Vi ricordate del libro di LilyaneFantastique”  di cui vi ho parlato un po’ di tempo fa?

Lei è stata una delle prime camioniste francesi, ma non la prima in assoluto…

In un capitolo del suo libro “38 Tonnes de souvenirs en vrac”  racconta un episodio che le capitò nel mese di luglio del 1957 a Parigi. All’epoca aveva 20 anni, era arrivata in città a bordo del camion Renault del suo amico Bernard, avevano scaricato  a Les Halles, il mercato della frutta. Poi lei era rimasta a Parigi, ospite della sua amica Sylvette per un paio di giorni. E mentre l’amica era al lavoro, Lilyane girava per  La Bastille, il quartiere dove abitava Sylvette, armata della sua macchina fotografica, pronta ad immortalare ogni camion che incrociava per aggiungere nuove immagini alla sua collezione di foto.

E’ durante quel suo girovagare per le vie parigine che incontra la “sua” prima donna camionista

Dietro il grande parabrezza di un Berliet vede una donna piccola, bionda, al volante di un camion con rimorchio sul quale è scritto a grandi lettere “BERGER”.

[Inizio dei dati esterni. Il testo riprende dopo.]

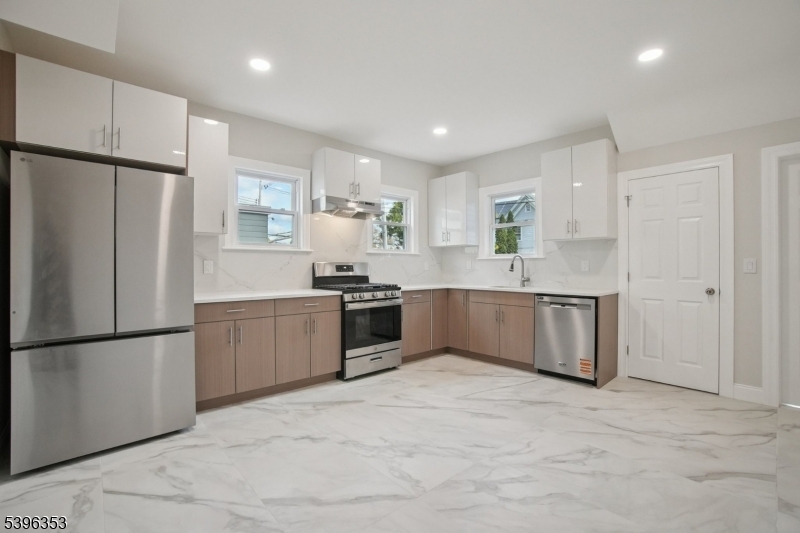 19 Ashwood Avenue, Unit 1 Summit, NJ 07901 - Photo 1 of 17 a large kitchen with a refrigerator sink and cabinets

Riesce a scattarle una foto. Una foto che lei conserverà per tutta la vita come una reliquia, un’icona preziosa come un gioiello.

Quella piccola donna camionista diviene il suo idolo. Il suo pensiero fu:”Se lei fa questo mestiere, allora potrò farlo anch’io!”

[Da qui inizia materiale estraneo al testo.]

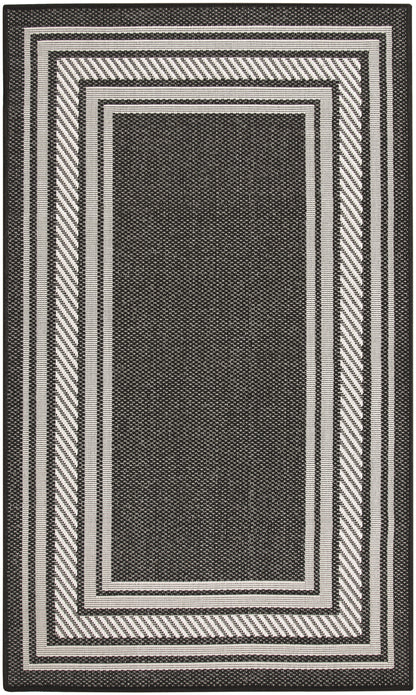 Black and white rectangular area rug with layered borders and diagonal-striped outer frame modern geometric design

L’aver visto una donna camionista la fa sentire meno un’eccezione, significa che ci sono altre donne come lei, donne che hanno sognato di fare le camioniste e ci sono riuscite!

 

Ma chi era quella piccola donna al volante di quel grande camion?

Si chiamava  Yvette Pottier e guidava un Berliet musone, un camion molto diffuso in Francia in quegli anni.

A Lilyane capitò ancora di incontrarla nel corso degli anni, quando finalmente anche lei si trovava al volante di un “poids lourd”. La salutava con un colpo di fari al quale Yvette rispondeva sempre, finché un giorno si fermò per abbracciarla, le raccontò che  lei non voleva essere notata sulla strada, che per lei era normale guidare un camion e che ognuno doveva fare la sua strada.

Di Yvette ho trovato tempo fa questo vecchio articolo che purtroppo parla della sua scomparsa in un incidente stradale. Un incidente provocato da una Mercedes che viaggiando troppo velocemente urtò un camion che poi si scontrò con quello di Yvette uccidendola sul colpo.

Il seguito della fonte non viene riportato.